• [COLLECTED MATERIAL]:
§

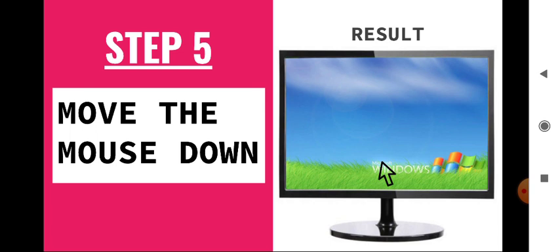Step 5: When we move our mouse down, we have the result that the pointer also moves down with the mouse. So these are some steps we have to read about moving the pointer.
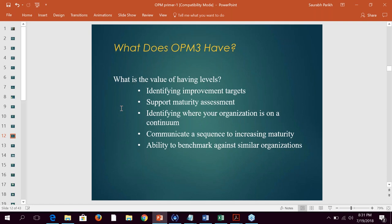Third: identifying where your organization sits on the continuum in terms of assessment and repeatability of assessments towards maturity. Fourth: communicate a sequence of increasing maturity — this is where stakeholder identification and engagement play a crucial role. Last: the ability to benchmark against similar organizations — you compare orange to orange or apple to apple, not apple to orange.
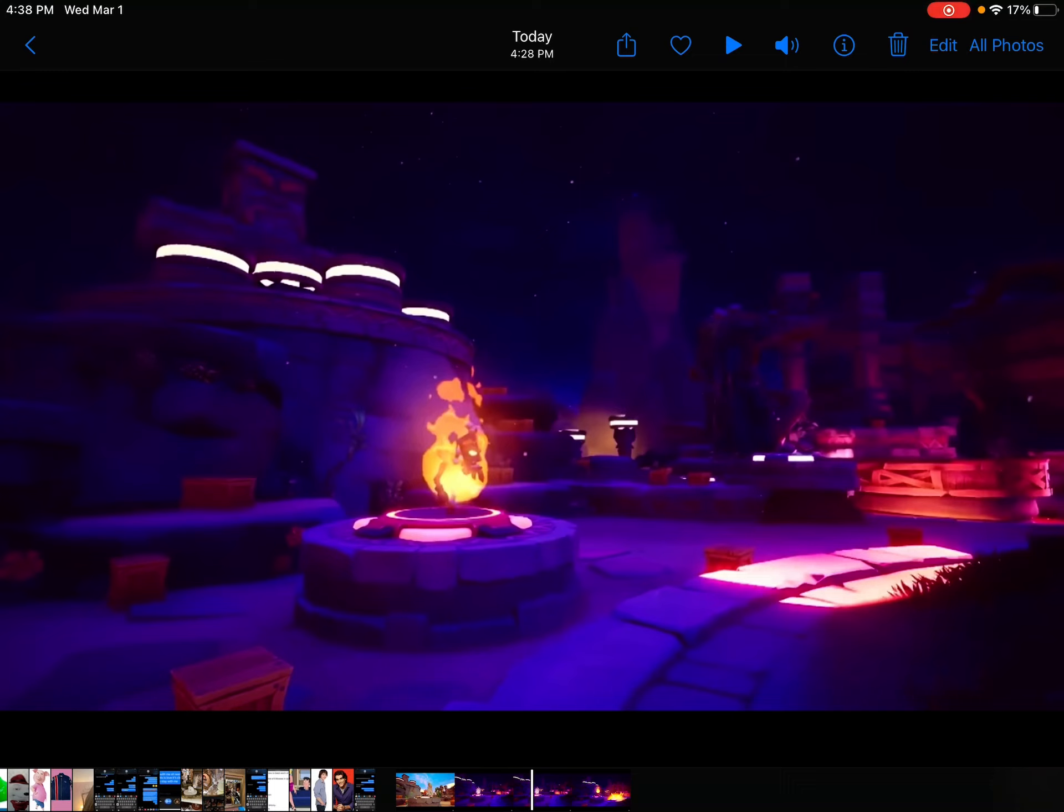So looks like Activision is more focused on Crash Bandicoot than Spyro. And that's all for today. Thanks for watching.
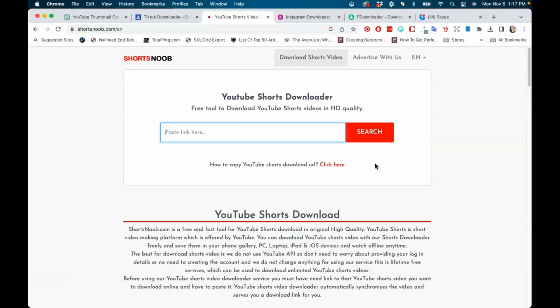One thing with YouTube shorts, typically it does not have a logo so you don't have to worry about that, but it's very hard to download a shorts video once it's already been posted, so this will help you to be able to do that.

§

• [WORK TASK]: A word-for-word copy of all the data, without pictures, is the expected output.

• [RESULT FOR THIS EXERCISE]:
Step 5: When we move our mouse down, we have the result that the pointer also moves down with the mouse. So these are some steps we have to read about moving the pointer.
Third: identifying where your organization sits on the continuum in terms of assessment and repeatability of assessments towards maturity. Fourth: communicate a sequence of increasing maturity — this is where stakeholder identification and engagement play a crucial role. Last: the ability to benchmark against similar organizations — you compare orange to orange or apple to apple, not apple to orange.
So looks like Activision is more focused on Crash Bandicoot than Spyro. And that's all for today. Thanks for watching.
One thing with YouTube shorts, typically it does not have a logo so you don't have to worry about that, but it's very hard to download a shorts video once it's already been posted, so this will help you to be able to do that.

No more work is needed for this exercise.